Das Schicksal der deutschen
Heimkinder der 50er und 60er Jahre ist zweimal verdrängt worden.
Das erste Mal, als sie, oft aus nichtigen Anlässen, einer
erniedrigenden, prügelnden Fürsorge anvertraut wurden. Und
noch einmal, nachdem unter dem Einfluss der 68er-Bewegung in den 70er
Jahren die Heimerziehung umgekrempelt worden ist. Bessere
Verhältnisse kehrten ein. Doch die oft lebenslangen Folgen der
Jahre in Freistatt im Teufelsmoor, im Dortmunder Vincenz-Heim oder im
hessischen Kalmenhof mussten die Betroffenen allein ertragen. Keine
Bitte um Entschuldigung, keine materielle Wiedergutmachung, keine
Ächtung dieser Praxis. Stattdessen Scham, Verdrängen,
Vergessen.
Zweieinhalb lange, manchmal beklemmende Stunden hat
sich der Petitionsausschuss des Bundestags vor einer Woche nun
Lebensgeschichten der Frauen und Männer angehört, die sich
hinter dem Satz aus dem Caritas-Jahrbuch verbergen: Kinderarbeit,
Prügel, Isolation und willkürlicher Essensentzug, sexueller
Missbrauch, sedierende Medikamentengabe, Hospitalisierung von
Kleinkindern. Und erniedrigende Botschaften, die Kinder und
Jugendliche zu einem wertlosen Nichts herabgewürdigt haben.
Es
sind Geschichten, die man nicht glauben möchte, die
Abwehrreflexe hervorrufen. Sind es Einzelfälle, Ausnahmen? Es
stimmt, dass nicht in allen Heimen dieser Zeit solche Zustände
geherrscht haben. Aber die Recherchen, die Peter Wensierski in seinem
Buch „Schläge im Namen des Herrn“ Anfang dieses
Jahres zusammengetragen hat, die Arbeit des Vereins der ehemaligen
Heimkinder, schließlich die offiziellen Akten der beteiligten
Institutionen sprechen eine klare Sprache. Es handelt sich nicht um
Einzelfälle. Es geht nicht nur um die Folgen eines autoritären
Zeitgeistes, der Prügel ganz normal fand.
Der Befund
lautet: In kirchlichen und staatlichen Heimen ist es damals zu
fortgesetzten Menschenrechtsverletzungen an Kindern gekommen. Es gab
Akten und Schriftverkehr über prügelnde Erzieher, das
Versagen der Aufsicht, eine unentrinnbare Rechtlosigkeit von
wehrlosen Schutzbefohlenen. Es finden sich Ursachen im Geist dieser
Zeit: ein autoritäres Erziehungsverständnis, Kontinuitäten
zur Nazi-Diktatur, die materielle, persönliche, moralische
Überforderung von Eltern, Erziehern oder Heimleitern, die auf
der Schattenseite des aufstrebenden Wirtschaftswunderlandes lebten.

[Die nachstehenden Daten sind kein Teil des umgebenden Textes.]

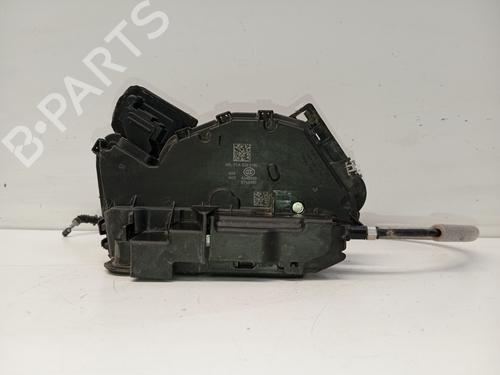 Used Rear right lock Rear right lock 38411220 38411220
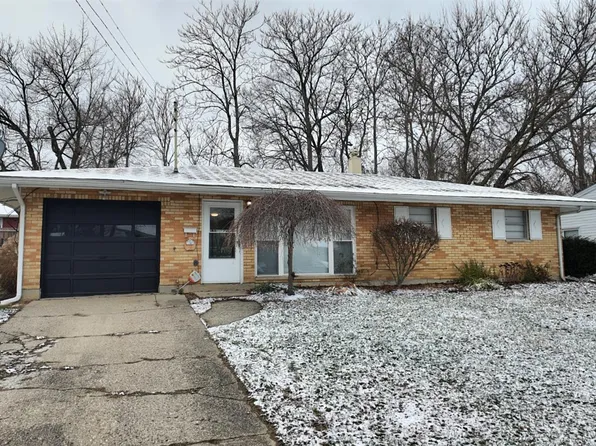 11481 Fremantle Dr, Cincinnati, OH 45240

Rechtfertigen lässt sich damit aber nichts. Denn mit den
besonderen Umständen jener Zeit ist die eigentliche Versuchung
nicht untergegangen. Sie ist, im Gegenteil, zeitlos, die öffentliche
Doppelmoral, die, wenn es die Umstände fordern oder nur
ermöglichen, ihre Unzulänglichkeiten auf dem Rücken
der Schwächsten austrägt. In DDR-Heimen sind Kinder
misshandelt und gebrochen worden – in einem diktatorischen
Regime. Dass aber nach einer Diktatur die latente Machtanmaßung
über Schwächere nicht automatisch verschwindet, davon
zeugen die ehemaligen Heimkinder der frühen Bundesrepublik.
Es
ist eine Frage des Anstands, wenn Bundestag und Bundesregierung
Wiedergutmachung in Form von Rentenanerkennung und Therapiehilfen
leisten. Es ist eine Frage der Selbstachtung der demokratischen
Gesellschaft, die alte Erziehungspraxis als Menschenrechtsverletzung
zu ächten. Sie, die selbst keinen Anwalt hatten, sind mit dieser
Forderung die Anwälte der Kinder, Jugendlichen und Alten von
heute. Die Lebensgeschichten der Heimkinder erschüttern; ihr
Plädoyer, dass sie sich nicht wiederholen dürfen, hat große
Kraft.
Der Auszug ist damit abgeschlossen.